◆ SUPPLIED DATA
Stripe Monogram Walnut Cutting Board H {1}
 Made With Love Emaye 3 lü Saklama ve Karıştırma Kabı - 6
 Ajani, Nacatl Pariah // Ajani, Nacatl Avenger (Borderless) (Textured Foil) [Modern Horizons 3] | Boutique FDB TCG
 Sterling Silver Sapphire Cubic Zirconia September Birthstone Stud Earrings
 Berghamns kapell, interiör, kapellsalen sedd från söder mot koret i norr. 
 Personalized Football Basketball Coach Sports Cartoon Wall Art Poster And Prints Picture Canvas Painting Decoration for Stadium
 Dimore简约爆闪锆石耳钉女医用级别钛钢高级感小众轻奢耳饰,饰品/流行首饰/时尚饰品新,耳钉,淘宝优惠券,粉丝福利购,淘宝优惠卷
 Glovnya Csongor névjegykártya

◆ HOW TO COMPLETE THIS TASK
Supply the entire listing above again, word for word.

◆ ANSWER TO THIS TASK
Stripe Monogram Walnut Cutting Board H {1}
 Made With Love Emaye 3 lü Saklama ve Karıştırma Kabı - 6
 Ajani, Nacatl Pariah // Ajani, Nacatl Avenger (Borderless) (Textured Foil) [Modern Horizons 3] | Boutique FDB TCG
 Sterling Silver Sapphire Cubic Zirconia September Birthstone Stud Earrings
 Berghamns kapell, interiör, kapellsalen sedd från söder mot koret i norr. 
 Personalized Football Basketball Coach Sports Cartoon Wall Art Poster And Prints Picture Canvas Painting Decoration for Stadium
 Dimore简约爆闪锆石耳钉女医用级别钛钢高级感小众轻奢耳饰,饰品/流行首饰/时尚饰品新,耳钉,淘宝优惠券,粉丝福利购,淘宝优惠卷
 Glovnya Csongor névjegykártya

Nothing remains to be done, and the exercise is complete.